Accompagnement proposé par Emmaüs
En réponse aux témoignages, Emmaüs a mis en place deux types de soutien pour les victimes :
1. Un accompagnement psychologique, avec la possibilité pour les victimes de consulter une psychologue spécialisée dans le psychotrauma.
2. Des rencontres avec les dirigeants du Mouvement Emmaüs, pour celles qui souhaitent exprimer directement leurs ressentis ou obtenir des réponses.
À ce jour, 7 victimes ont bénéficié d’un suivi psychologique, et 8 autres ont exprimé le souhait de rencontrer des responsables du Mouvement Emmaüs.
Faut-il débaptiser les rues portant le nom de l’Abbé Pierre ?

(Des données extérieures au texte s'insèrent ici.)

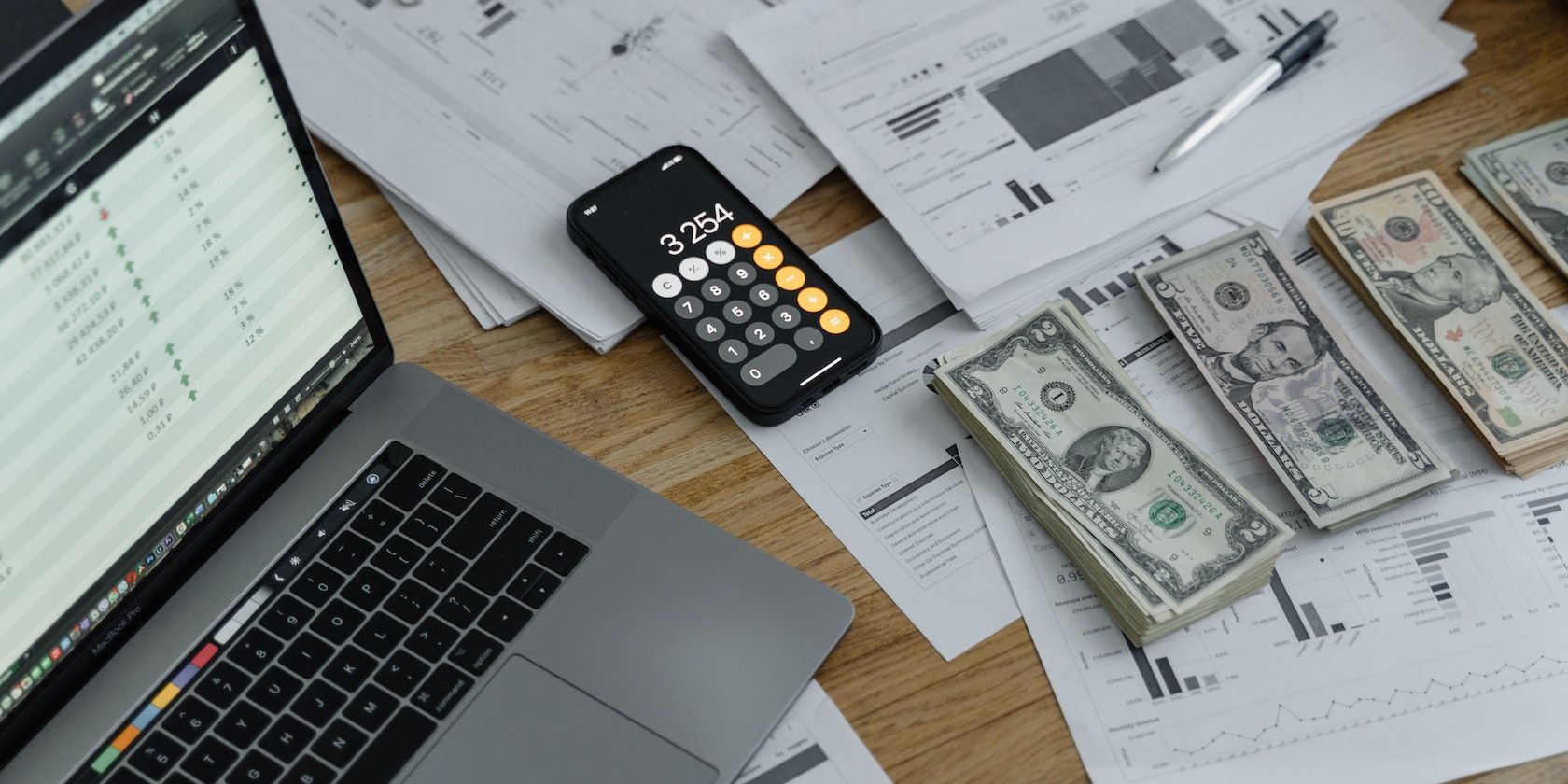 /bc/images/wads-of-cash-a-laptop-a-phone-and-graphs-showing-earnings.jpg /bc/images/wads-of-cash-a-laptop-a-phone-and-graphs-showing-earnings.jpg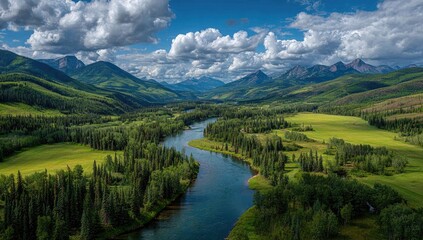 Panoramic view of a winding river valley, lush green meadows, and mountains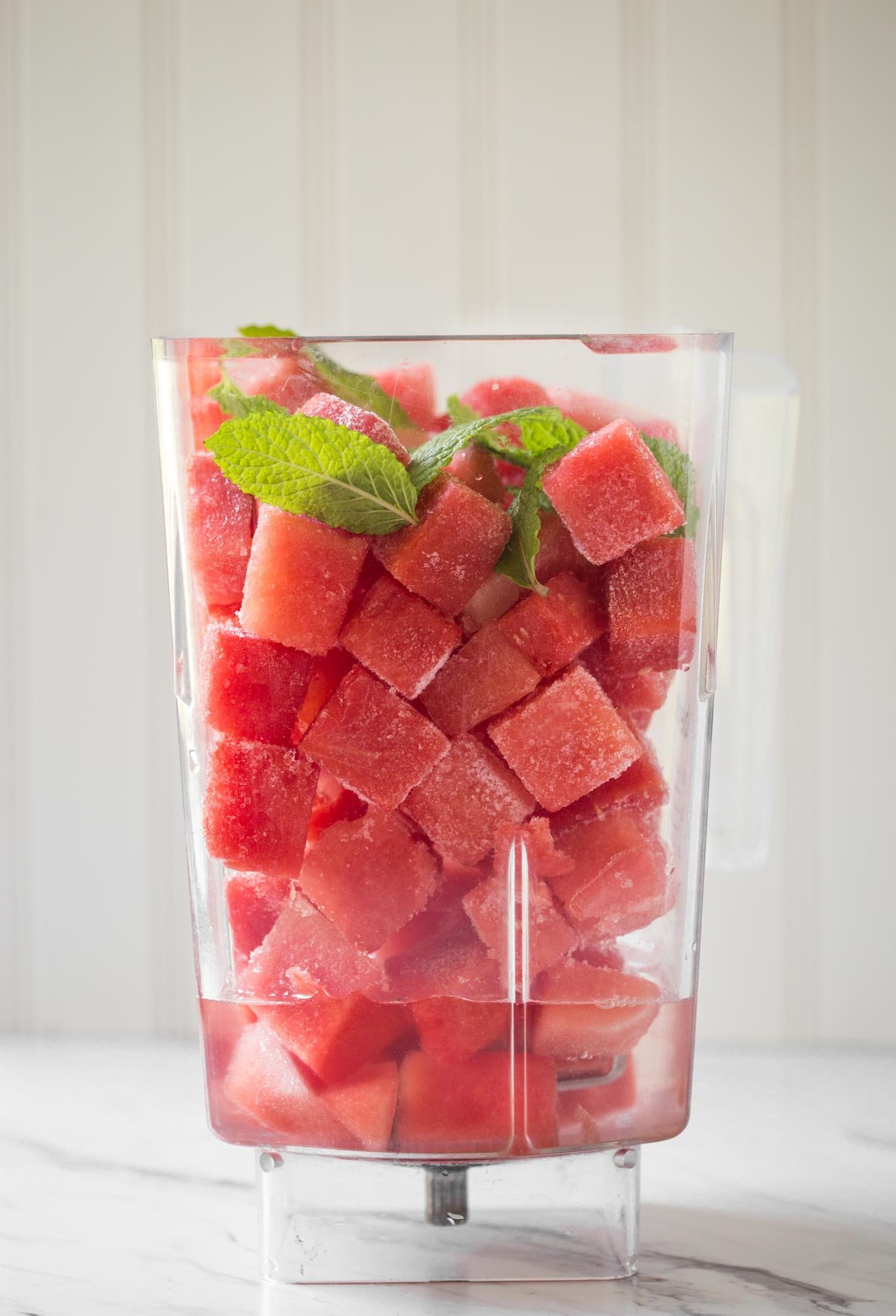 Frozen watermelon cubes with fresh mint and water in a blender jar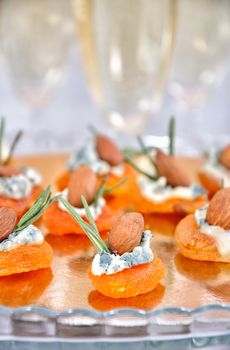 Cocktail snack from dried apricots with gorgonzola and almonds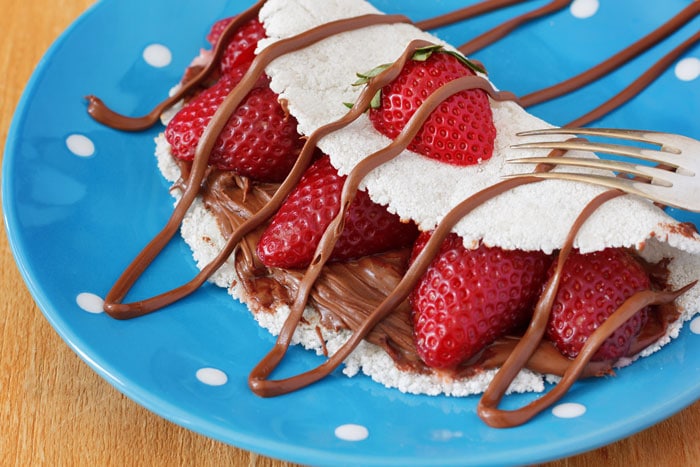 Beiju or tapioca filled with strawberry and chocolate on a blue plate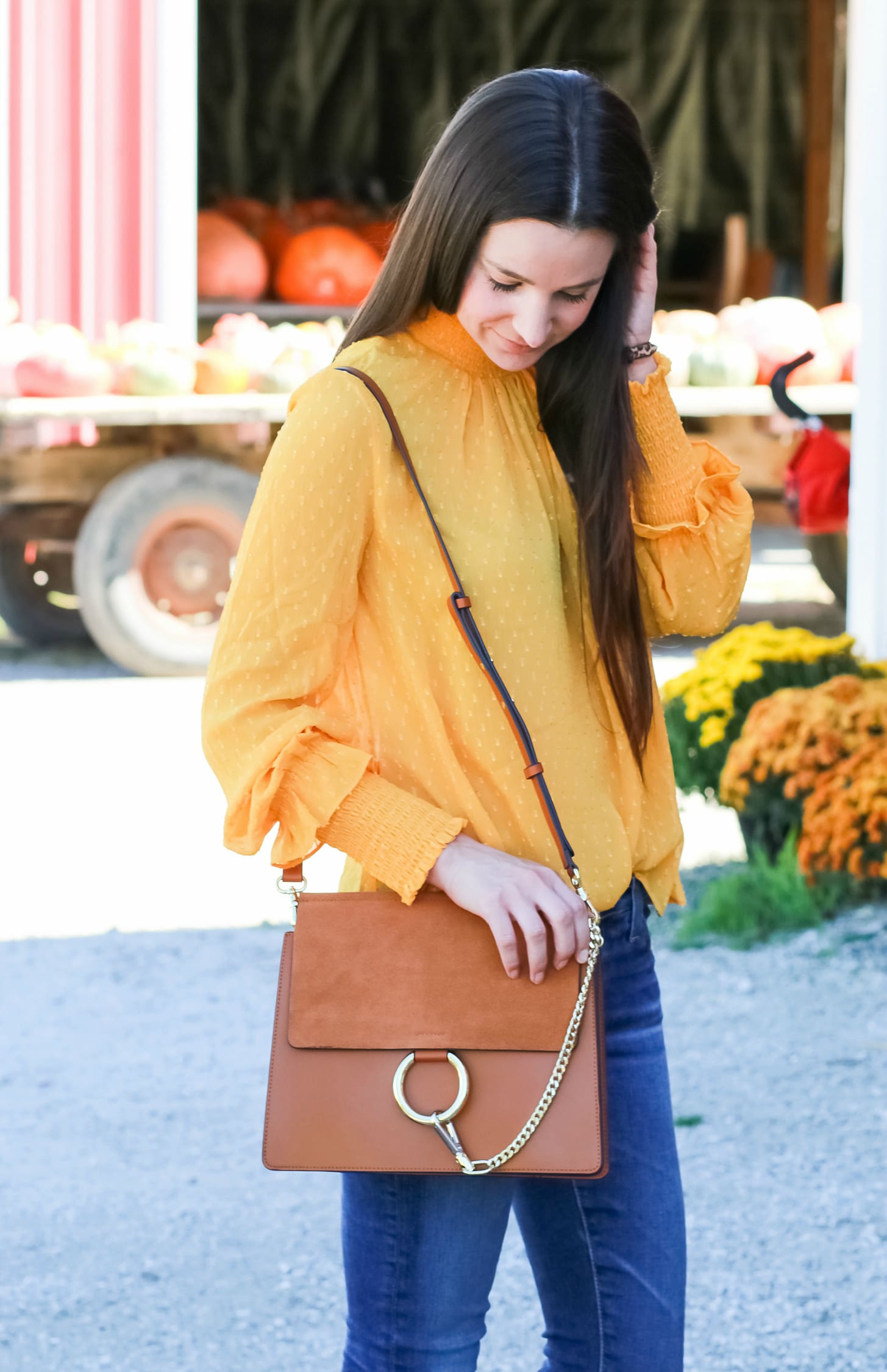 English Factory marigold swiss dot blouse with victorian collar, AG The Legging raw hem ankle skinny jeans, leopard flats, and brown Chloe Faye dupe bag | How to wear a victorian collar casually for fall by fashion blogger Stephanie Ziajka from Diary of a Debutante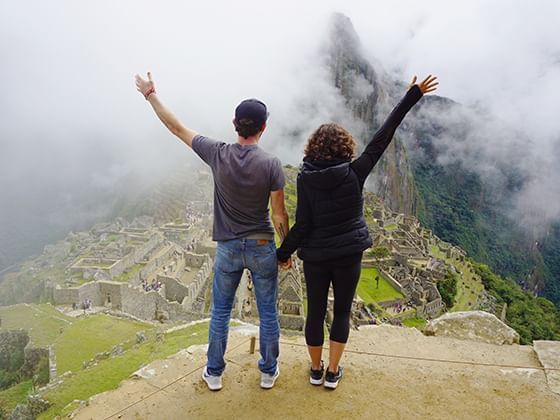 pareja tomada de las manos desde la cima de la montaña cerca de Sumaq Hotel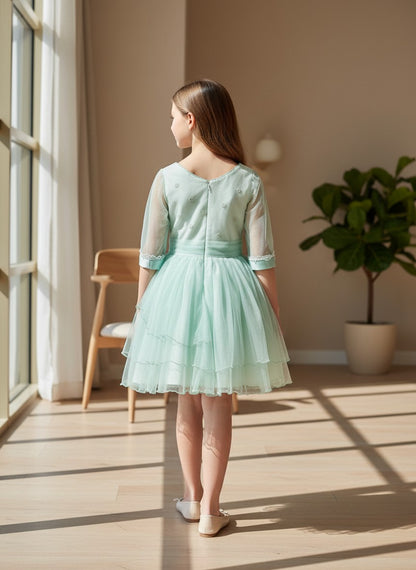 Vestido tul verde mint manga francesa con volantes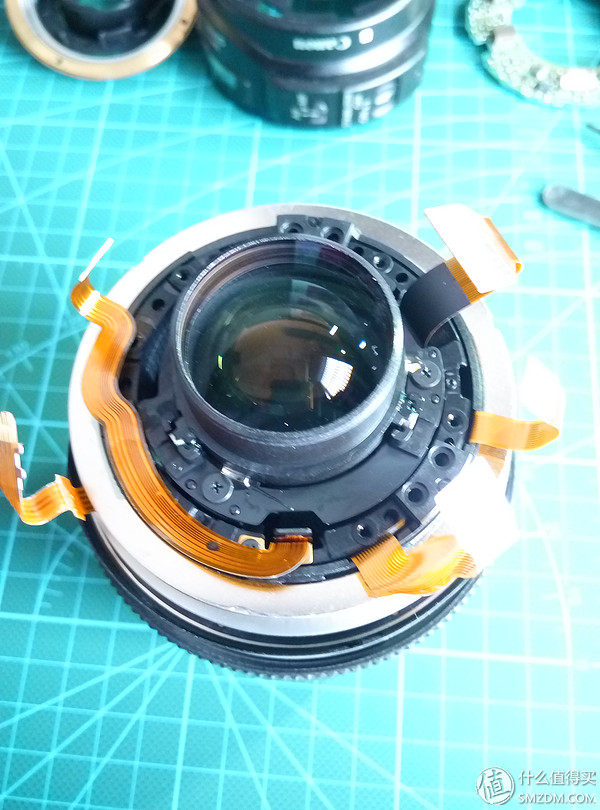 佳能相机广州维修中心_佳能镜头排线更换教程_对焦马达维修过程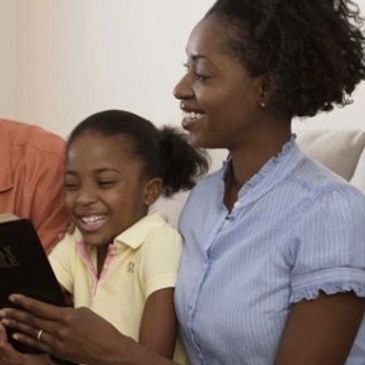 A woman and young girl read the Bible together.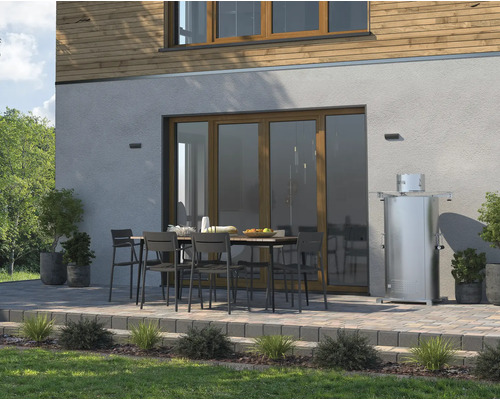 Terrasse mit Gartentisch, Stühlen und Heizstrahler vor einem Haus.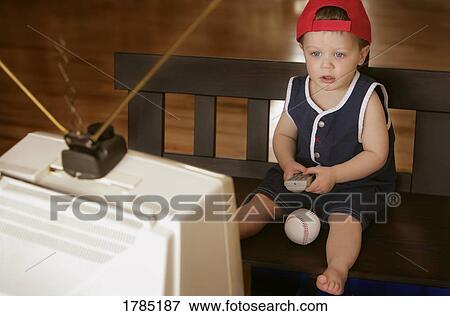 Child watching sports game on television View Large Photo Image Stock Photo - Child watching sports game on television. Fotosearch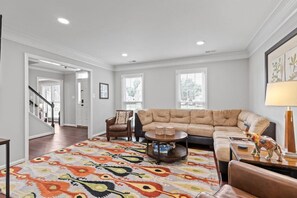 Primary living room with plush, ample seating and flat screen Roku TV.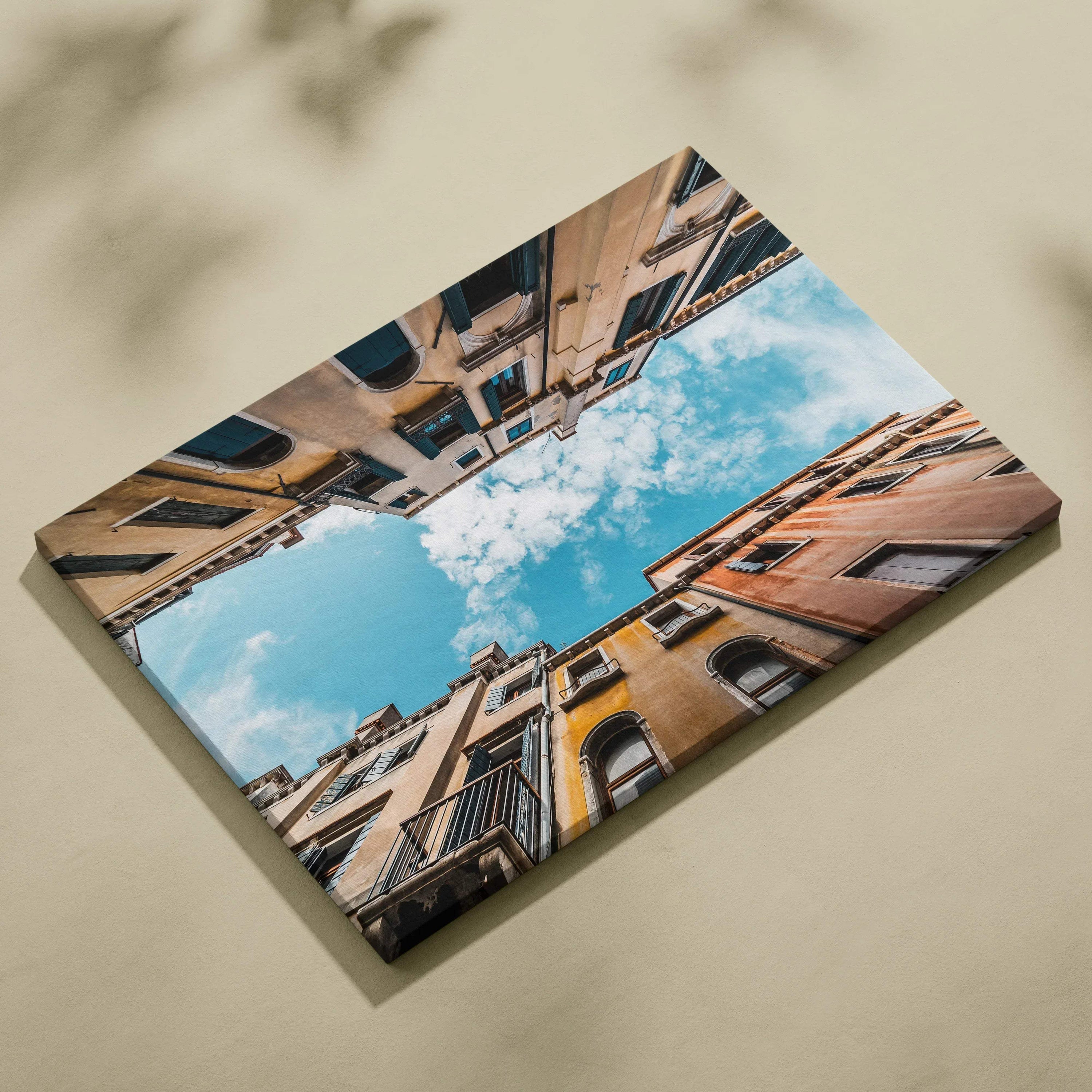 Premium canvas wall art featuring upward view of colorful architecture under blue sky with clouds.
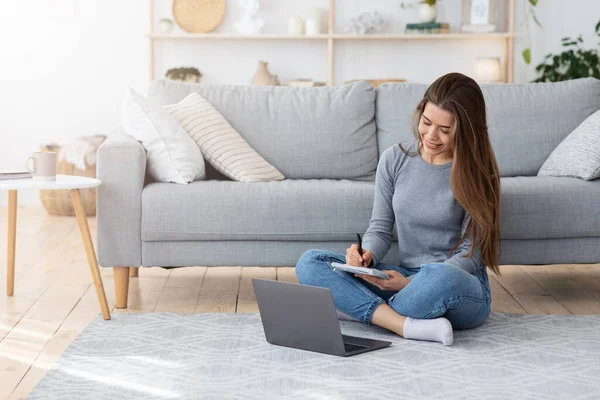 Glückliche Frau, die auf dem Boden sitzt, Notizen macht, Laptop benutzt — Stockfoto
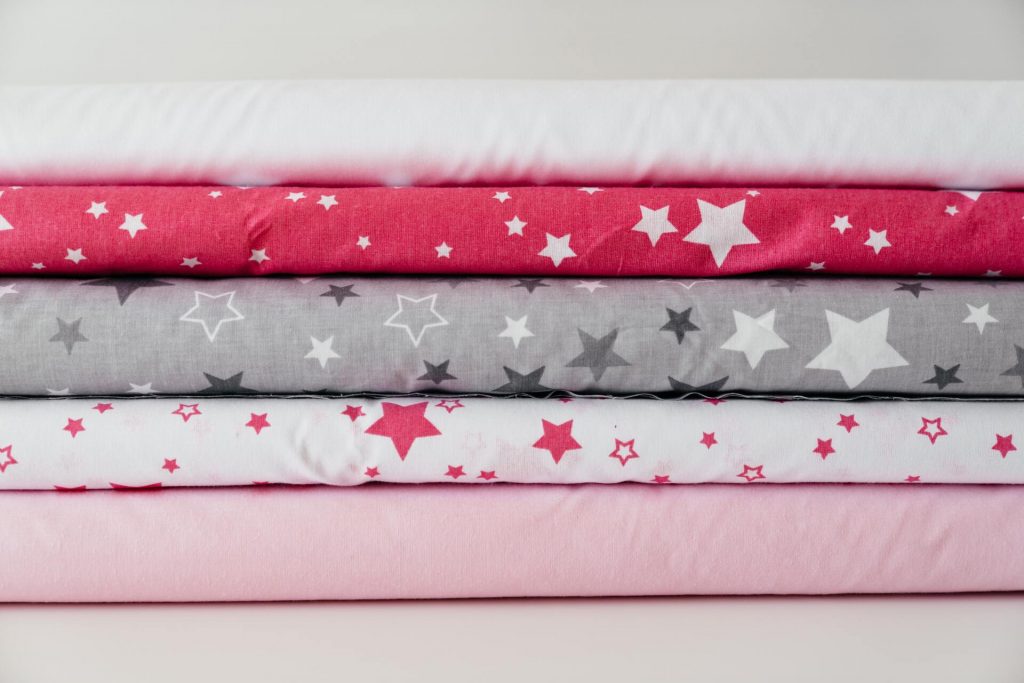 A Pile of Plain and Star Printed Fabric Rolls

Face à ce rapport mettant en lumière la gravité et l’étendue des violences sexuelles présumées commises par l'abbé Pierre, certaines Municipalités ont décidé ou lancé une réflexion, sur des lieux symboliques, des rues, des statuts, qui rendaient hommage à l’Abbé Pierre. C’est le cas pour Aix-les- Bains qui voie une de ses rues porter son nom. «Pour le moment, nous devons nous poser la question au sein de la majorité de savoir s'il faut ou non enlever la nomination de cette rue. Puis c’est au Conseil Municipal qui devra trancher et, dans cette éventualité, donner un nouveau nom» commente le Maire, Renaud Beretti. Rien donc n’est exclu pour le moment, mais cela ne se fera pas du jour au lendemain.